Hitchcock comes to mind her because, for his superb "North by Northwest" he tried, in vain, to get a permission to shoot some scenes –just a few—in the United Nations Building. Pollack however did get the authorization, the first one ever, and shot many scenes. (That accomplishment by itself ought to make a fascinating documentary.)

The plot –in its broadest depiction. Silvia (Nicole Kidman) born in the (imaginary) African country of Matobo where she grew up and where her father, mother (farmers) and sister were killed by a mine. Silvia got a fine education (where? No idea. Europe?), was a polyglot, also a rifle-carrying member of some sort of resistence (very unclear) at some point (which?), and (skipping the murkiness) ended up as a UN simultaneous translator for Ku (or Khu?), the language of Matobo.

At the UN, one night after closing time, Silvia returns to her office , to pick up some stuff (including her flute. No kiddin) she had left behind. And (magically) she overhears people talking about killing Matobo’s President Edmond Zuwani. How easy it is to circulate in the armed-to-the-teeth UN building after hours raises one’s eyebrows at least three inches.
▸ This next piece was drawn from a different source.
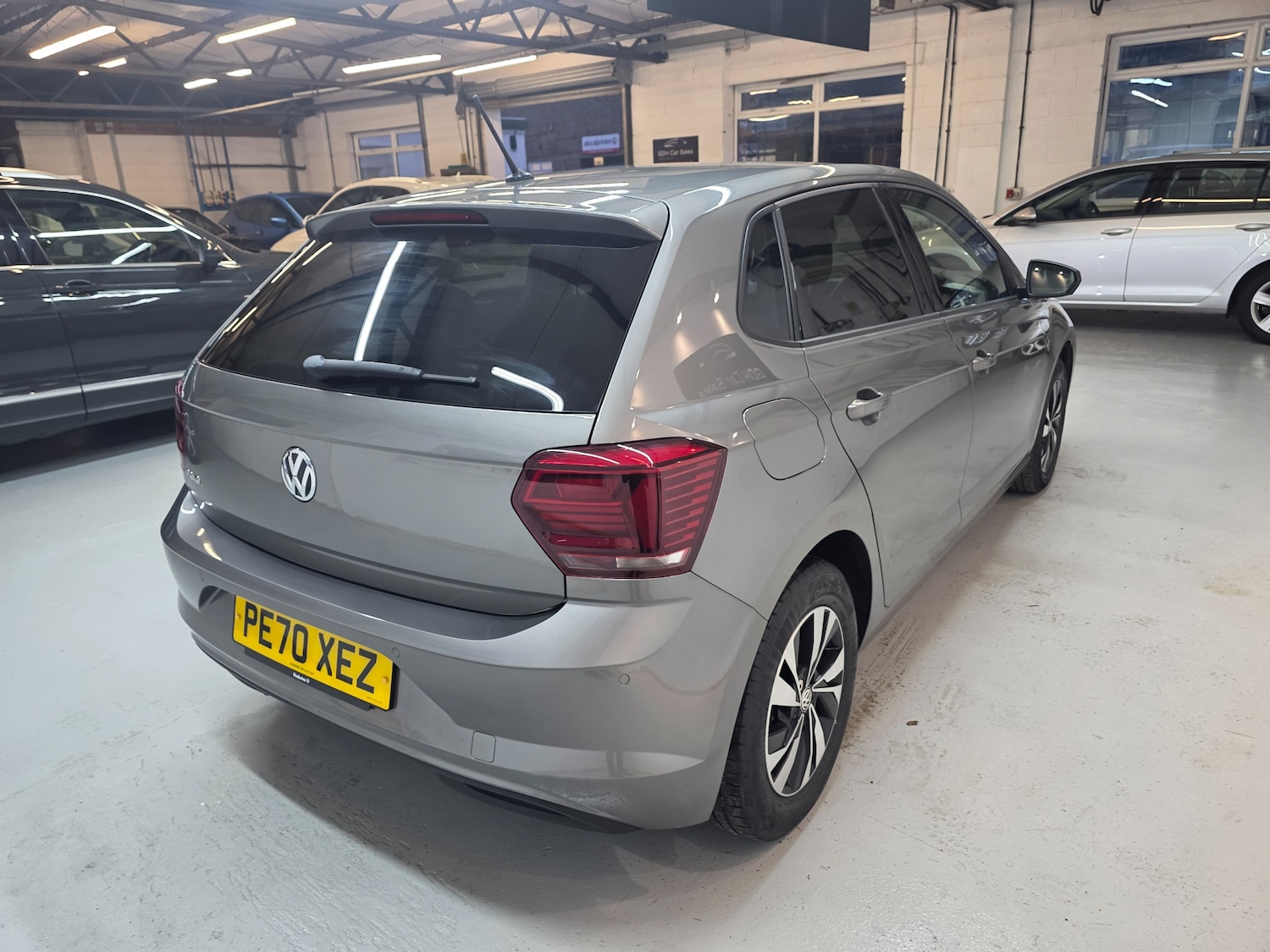 Used Volkswagen Polo 2020 for sale - 76922692: Photo 21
Ditto for the captured conversation.

To make things muddier, President Zuwani, originally a fine libertarian, long ago turned into a reactionary tyrant. He is coming to the UN to explain how he will turn his country into a model democracy. Ho Hum!

Silvia contacts the American authorities. A mess of U.S. agencies get going. Her main contact –and protector—is agent (?) Tobin Keller (Sean Penn) who is a sad figure. We learn by bits that his wife (call her W) was having affairs right and left but always came back to him. At some point we learn, in diffuse ways, that this time, W won’t come back for the simple reason that with her latest lover she died in a car crash.
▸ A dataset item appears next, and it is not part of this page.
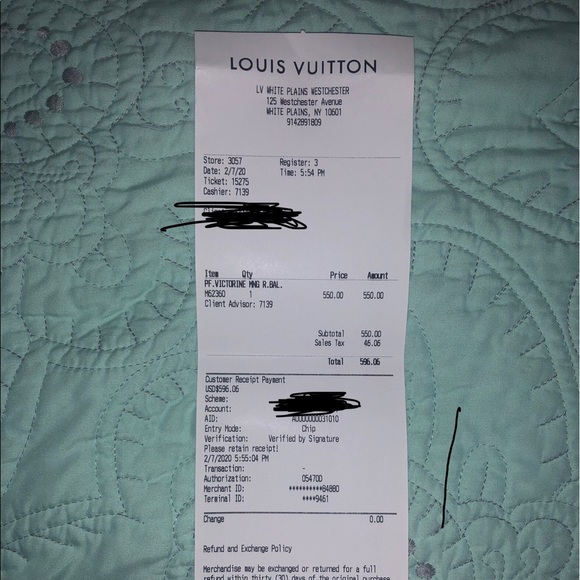 Louis Vuitton Wallet - Picture 13 of 13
Mercifully, I shall stop. The story gets thicker than baked beans and harder to understand than one’s Income Tax. There’s much brooding, mysterious phone calls and meetings, car-traffic (oddly silent), chasing and spying galore, muddled and remuddled parts that refuse to coalesce, flute-playing, frightening faces pressed against the window in Kidman’s apartment, her trusty scooter, etc. Also two groups of anti-President Zuwani ‘s haters Matoboan exiles in New York, groups that apparently also want to destroy one another, a bus in which the two factions (I think) are riding and which is made to explode… I could go on and on –and then some.

Hitchcock knew how to use Santa Simplicitas (Holy Simplicity). This flick only knows puzzling, confusing and messing matters up, and throwing in more characters than we can digest. Granted, there are many well-shot passages (thanks to cinematographer Khondji) and sights, sites and images that grip you. Granted that the old cliché that would have Kidman and Penn fall in love (or at least, in bed) is avoided. Still this humongous salad is not digestible. And that’s putting it mildly. To make any bits of sense out of the flick, what’s needed is an Interpreter.